I note an obituary of Ralph Beyer, the inscription carver whose work features in Coventry Cathedral. Basil Spence, the architect of the cathedral, praised Beyer’s work very fulsomely in his Phoenix at Coventry.

Being the son of a German art historian, and coming to England at the age of 16, he is another of the surprisingly large number of ‘refugee artists’ who made significant contributions to church art in the years after the war. Another name that springs to mind is Hans Feibusch. For more see the exhibition catalogue Art and Migration, edited by Jennifer Powell and Jutta Vinzent (George Bell Institute, Humanitas subsidia series, 2, 2005).
There has of course also been some recent general interest in the influence of migrants on a receiving culture: see Daniel Snowman, The Hitler Emigres, and, more recently, Lesley Chamberlain’s The Philosophy Steamer.

Henry Moore’s mothers and children at Kew

Have recently been to the excellent exhibition of Henry Moore outdoor works at Kew Gardens, and was struck by the preponderance of the Mother and Child in his work. He described it as one of his ‘inexhaustible subjects’ and there are two examples on show at Kew, both from the 1980s, and splendidly documented in the catalogue. I was reminded of his most explicit piece of religious art, the ‘Madonna and Child’ for Walter Hussey at St. Matthew’s Northampton (1943-4) and a later piece for the church at Claydon in Suffolk.

My thoughts have come to this interaction between ‘secular’ mother-and-child figures and Christianised representations of Christ and Mary whilst preparing an article on war memorials after 1945. Jay Winter usefully pointed out the use of the mother weeping over a fallen (adult) son in memorials after 1918, and the Claydon figure was explicitly glossed at the time (by Hussey) as being a memorial figure. There is also an Epstein mother and son figure, made for the TUC Congress House HQ in London.

Part of my ongoing project on memorials ought probably to look for other examples, as perhaps the very ambiguity of the mother/Madonna relationship made it the most accessible of all the ‘big’ Christian themes for an artist on the fringes of the church to take up. As Moore put it (to Hussey): ‘I think it is only through our art that we artists can come to understand your theology.’ (Hussey, Patron of Art p.24.)
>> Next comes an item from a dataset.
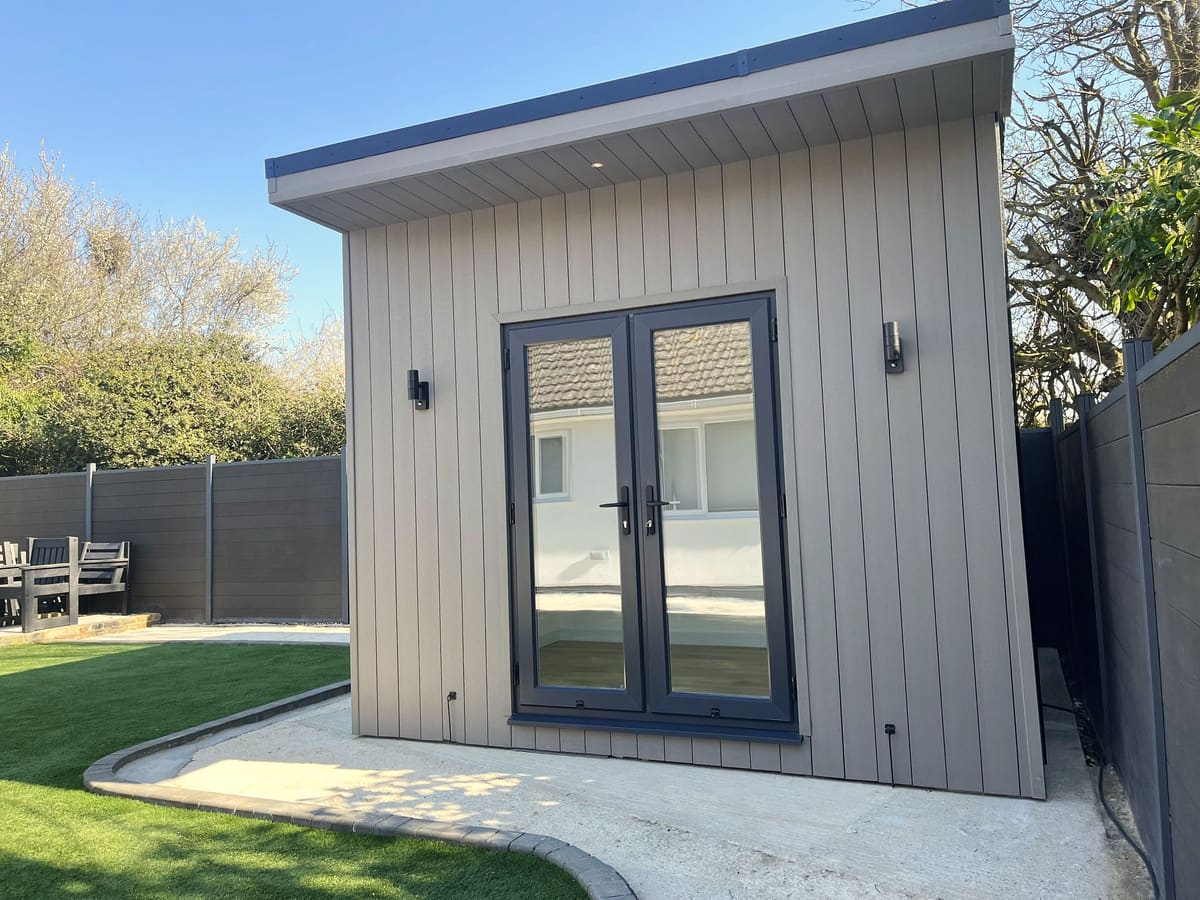 Grey composite-clad home gym garden room with French doors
Should anyone be interested, the war memorials article should appear next year in the Forum for Modern Language Studies. Some of Moore’s own thoughts on the difference between a religious and secular mother and child were printed in Wilkinson (ed.), Henry Moore. Writings and Conversations 213, 267-8

Eric Gill at Ditchling

There is a very interesting exhibition at the Ditchling Museum in Sussex, on the time Gill spent in this small (and rather idyllic) Sussex village. It includes various pieces of Gill’s work, sketches, models and letters, as well as exploring Ditchling connections with others including David Jones and the engraver Joseph Cribb. The exhibition itself is not huge, but when viewed alongside the museum’s permanent exhibits relating to the subject, it is well worth a visit. There is, I understand, a catalogue in production, which should be ready in the autumn.